Output the data below line for line, exactly, up to and including the line where "HD Video TTL" appears.

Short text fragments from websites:
╭──

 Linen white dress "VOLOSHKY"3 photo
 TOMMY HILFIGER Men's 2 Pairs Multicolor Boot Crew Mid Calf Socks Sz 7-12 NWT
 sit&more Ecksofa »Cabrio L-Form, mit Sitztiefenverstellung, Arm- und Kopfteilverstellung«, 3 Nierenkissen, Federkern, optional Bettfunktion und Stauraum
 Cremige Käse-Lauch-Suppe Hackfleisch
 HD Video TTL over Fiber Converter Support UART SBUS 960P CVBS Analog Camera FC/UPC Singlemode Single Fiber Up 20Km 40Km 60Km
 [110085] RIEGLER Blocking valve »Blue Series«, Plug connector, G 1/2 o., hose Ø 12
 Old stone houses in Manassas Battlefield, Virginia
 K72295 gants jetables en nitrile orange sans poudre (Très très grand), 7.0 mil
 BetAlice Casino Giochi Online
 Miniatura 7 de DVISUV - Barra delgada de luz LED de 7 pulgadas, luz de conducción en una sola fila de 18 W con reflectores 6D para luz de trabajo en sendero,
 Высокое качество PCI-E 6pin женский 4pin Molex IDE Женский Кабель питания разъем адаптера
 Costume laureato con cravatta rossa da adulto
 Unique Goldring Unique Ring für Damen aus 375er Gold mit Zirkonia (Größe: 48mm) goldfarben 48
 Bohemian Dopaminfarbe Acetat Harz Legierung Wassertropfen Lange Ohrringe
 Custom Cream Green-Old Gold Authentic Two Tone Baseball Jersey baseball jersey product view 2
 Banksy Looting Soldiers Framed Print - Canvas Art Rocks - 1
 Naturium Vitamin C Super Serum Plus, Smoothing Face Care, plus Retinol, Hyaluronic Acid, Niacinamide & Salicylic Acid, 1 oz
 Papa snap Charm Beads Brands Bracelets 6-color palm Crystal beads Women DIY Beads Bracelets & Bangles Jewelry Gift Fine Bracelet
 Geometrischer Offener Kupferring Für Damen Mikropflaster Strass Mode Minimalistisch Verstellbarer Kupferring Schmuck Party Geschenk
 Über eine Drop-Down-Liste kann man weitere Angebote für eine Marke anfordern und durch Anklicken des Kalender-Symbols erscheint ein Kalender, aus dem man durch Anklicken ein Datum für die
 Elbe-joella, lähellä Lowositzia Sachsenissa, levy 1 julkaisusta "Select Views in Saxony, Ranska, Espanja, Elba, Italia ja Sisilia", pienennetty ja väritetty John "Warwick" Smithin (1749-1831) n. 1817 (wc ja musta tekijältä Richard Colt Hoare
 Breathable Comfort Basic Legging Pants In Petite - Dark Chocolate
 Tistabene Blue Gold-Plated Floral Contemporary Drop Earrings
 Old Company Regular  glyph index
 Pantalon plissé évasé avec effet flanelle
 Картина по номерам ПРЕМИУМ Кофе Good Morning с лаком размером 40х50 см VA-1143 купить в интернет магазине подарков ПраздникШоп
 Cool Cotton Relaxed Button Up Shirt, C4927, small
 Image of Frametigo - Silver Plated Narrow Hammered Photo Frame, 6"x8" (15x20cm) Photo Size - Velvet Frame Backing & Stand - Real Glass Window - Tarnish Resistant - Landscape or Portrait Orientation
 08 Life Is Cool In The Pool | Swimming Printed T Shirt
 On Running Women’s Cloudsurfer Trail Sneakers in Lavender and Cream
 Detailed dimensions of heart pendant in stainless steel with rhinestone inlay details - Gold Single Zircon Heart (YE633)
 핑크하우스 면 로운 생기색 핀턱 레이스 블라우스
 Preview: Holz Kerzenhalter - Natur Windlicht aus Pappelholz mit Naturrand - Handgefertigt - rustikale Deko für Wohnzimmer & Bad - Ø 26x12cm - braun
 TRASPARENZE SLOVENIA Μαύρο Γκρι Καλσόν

╰──

OUTPUT FOR THIS EXERCISE:
 Linen white dress "VOLOSHKY"3 photo
 TOMMY HILFIGER Men's 2 Pairs Multicolor Boot Crew Mid Calf Socks Sz 7-12 NWT
 sit&more Ecksofa »Cabrio L-Form, mit Sitztiefenverstellung, Arm- und Kopfteilverstellung«, 3 Nierenkissen, Federkern, optional Bettfunktion und Stauraum
 Cremige Käse-Lauch-Suppe Hackfleisch
 HD Video TTL over Fiber Converter Support UART SBUS 960P CVBS Analog Camera FC/UPC Singlemode Single Fiber Up 20Km 40Km 60Km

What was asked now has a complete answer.